→ WHAT TO DO
Look through the entries below and copy exactly the part that begins with the line containing "Decoratieve koe - afbeelding" and ends with the line containing "温氏股份：公司发展规划有明确的量化目标". Do not copy the pictures.

→ RECORDS TO PROCESS
▼

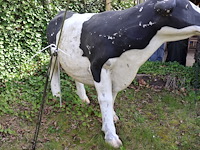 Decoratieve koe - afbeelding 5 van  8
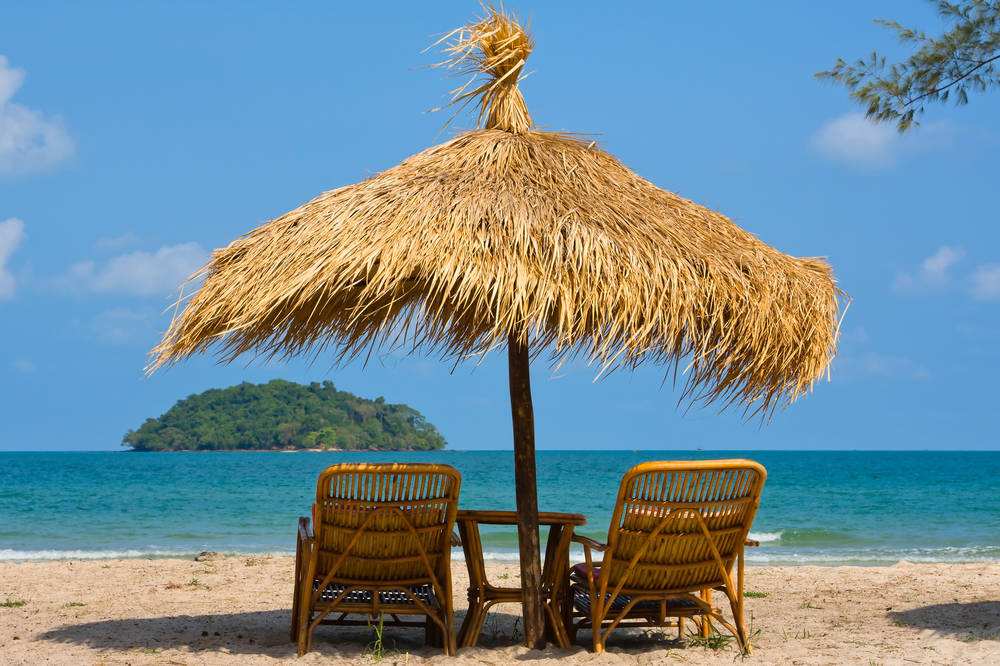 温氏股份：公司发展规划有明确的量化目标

▲
▼

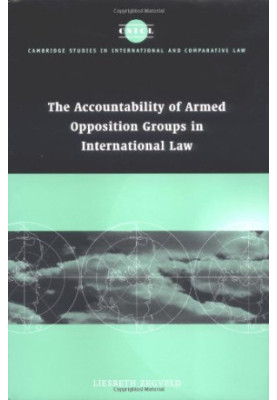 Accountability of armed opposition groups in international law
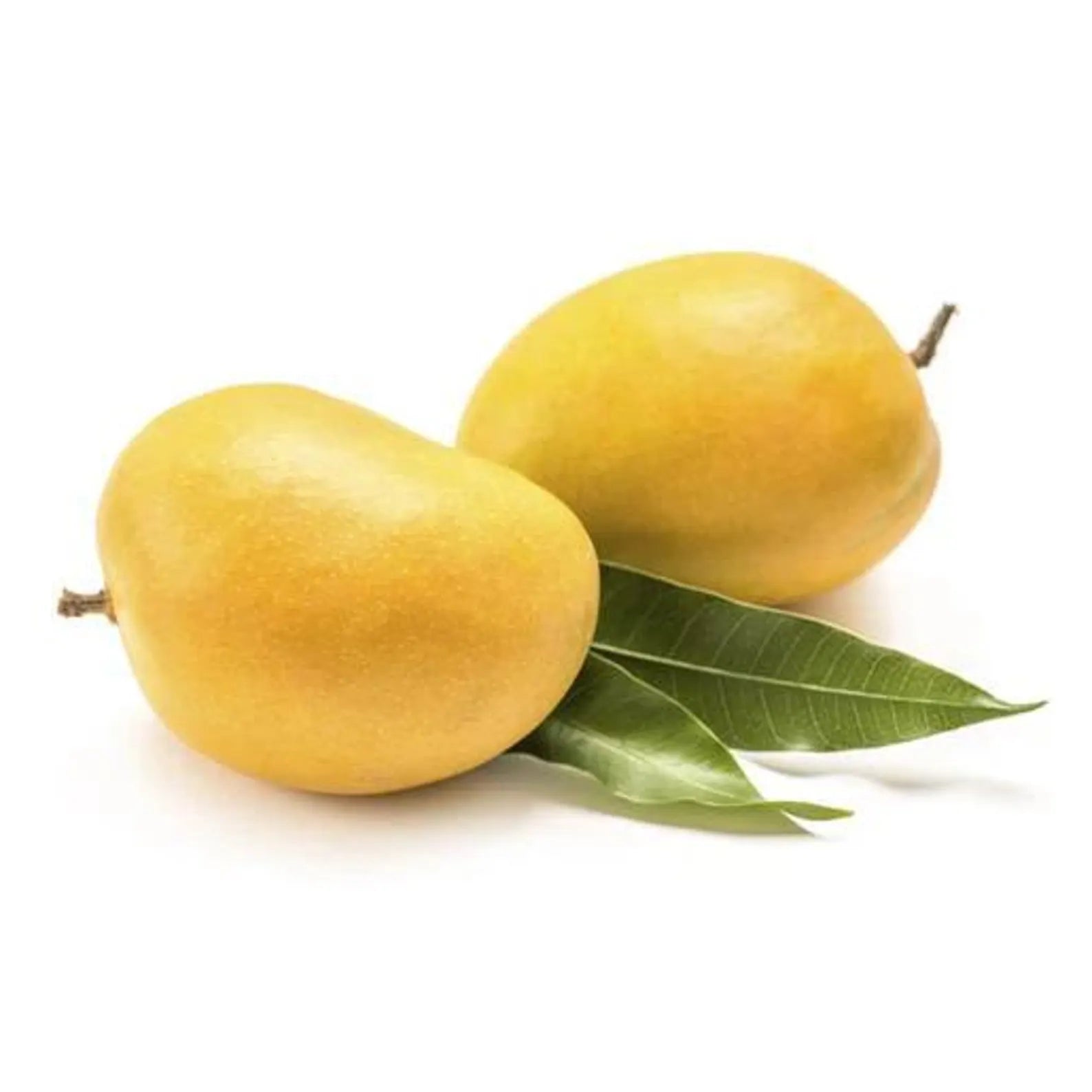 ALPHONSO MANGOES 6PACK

▲

→ TASK RESPONSE
 Decoratieve koe - afbeelding 5 van  8
 温氏股份：公司发展规划有明确的量化目标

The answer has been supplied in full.